Commençons par un rappel. Les cookies, aussi appelés témoins de navigation ou traceurs en bon français, sont des petits fichiers texte qui collectent les données de navigation des internautes. Ils peuvent avoir de nombreux usages comme l’identification d’un internaute, la sauvegarde de ses préférences… mais aussi à établir son profil et voir s’il a vu ou cliqué sur telle ou telle publicité.
Autrement dit, d’affiner le ciblage publicitaire des éditeurs de sites, en permettant de vendre des espaces publicitaires personnalisés.
Ce sont eux qui sont par exemple responsables des publicités de chaussures ou de pots de peinture qui vous suivent après que vous ayez visité des sites… de chaussures ou de pots de peinture !
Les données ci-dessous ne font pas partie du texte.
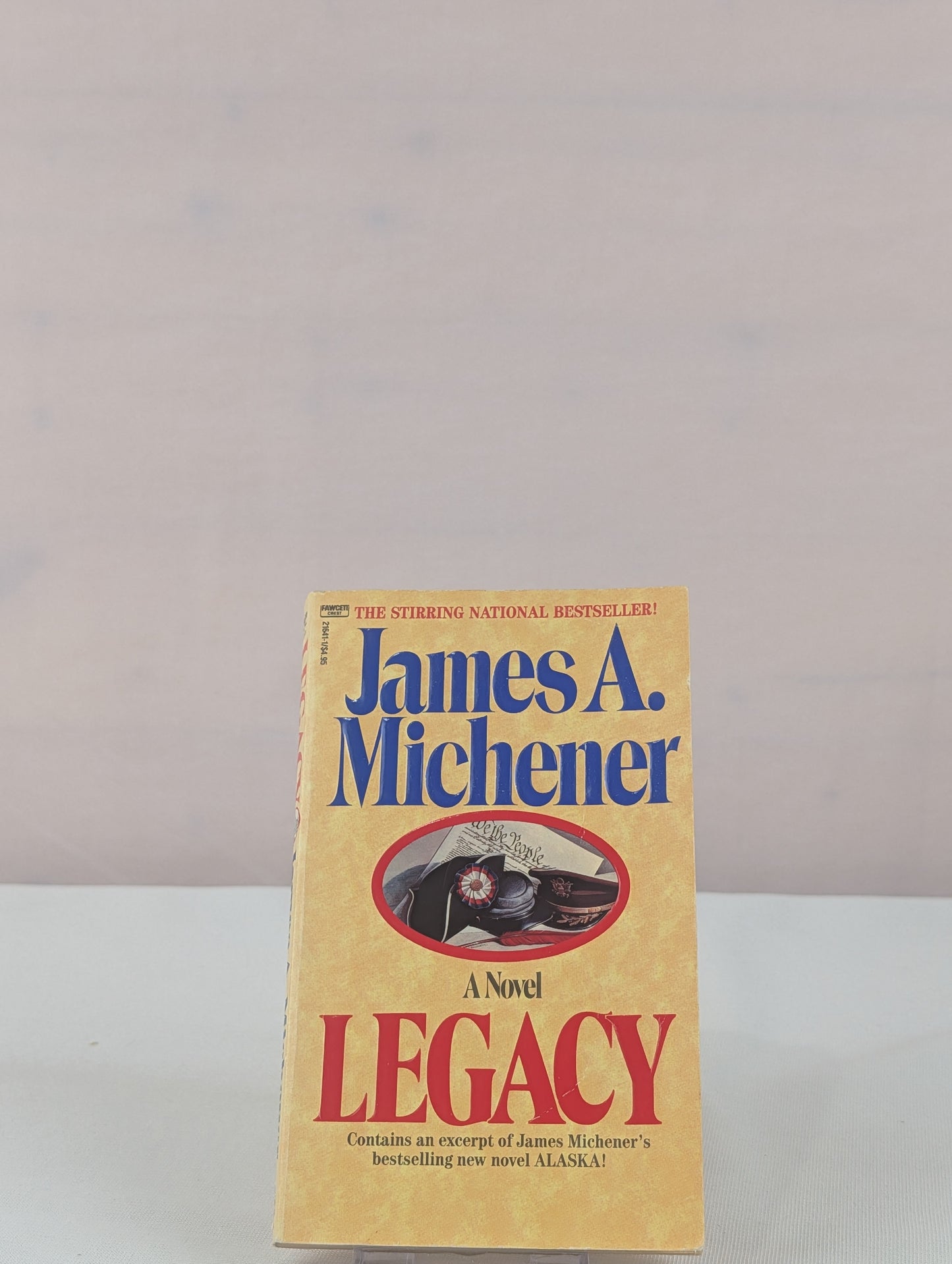 Legacy: A Novel by James A. Michener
- Pourquoi sont-ils menacés ?
Même s’ils existent depuis quasiment l’origine du Web, ils ont toujours été controversés. Qui plus est dernièrement alors que le respect de la vie privée et de la confidentialité des données prend de plus en plus d’ampleur dans la société.
L’Europe ou la Californie ont par exemple pris des mesures ces dernières années pour réguler leurs usages et mieux informer les internautes sur leur présence. Leurs partisans, les éditeurs de sites qui se financent grâce à la publicité notamment, indiquent pour leur part qu’ils sont nécessaires à leur modèle économique et permettent ainsi de donner accès gratuitement à leur service.
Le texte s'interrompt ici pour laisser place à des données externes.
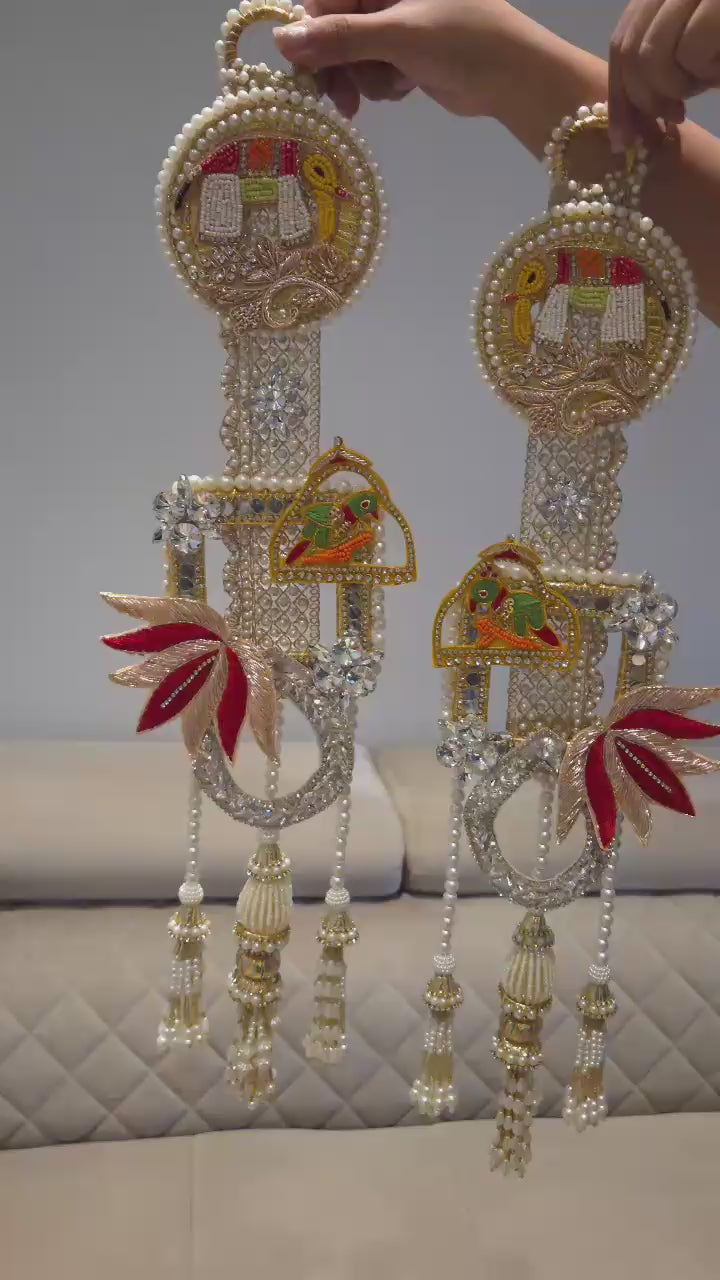 Royal Shringar Hanging pair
- Quid de Google dans cette affaire ?
Le 14 janvier 2020, Google créait la surprise en annonçant son intention d’éliminer progressivement ces traceurs de son navigateur Chrome.
L’objectif est de rendre les cookies de sites tiers (qui ne proviennent pas du navigateur utilisé mais du site visité) obsolètes d’ici à deux ans », écrivait dans un billet Justin Schuh de Chrome Engineering.
A ce moment, le géant de Mountain View n’a pas précisé comment il comptait les remplacer, en expliquant juste « y travailler activement ». La firme avait toutefois dévoilé les contours de sa « Privacy Sandbox« , une suite d’API ouvertes permettant la diffusion de publicités ciblées tout en restant respectueux de la vie privée des internautes.
Mais le 24 juin dernier, nouveau coup de tonnerre : Google annonce dans une note de blogue qu’il a besoin de davantage de temps pour tester et déployer son nouveau système. La nouvelle échéance fixée ? Mi-2023.
Si des progrès considérables ont été réalisés dans le cadre de cette initiative, il est devenu évident qu’il nous faut plus de temps pour bien faire les choses à travers tout l’écosystème, » explique Vinay Goel, Directeur de l’ingénierie sur ces questions de confidentialité.
- Comment prendre cette nouvelle pour les publicitaires ?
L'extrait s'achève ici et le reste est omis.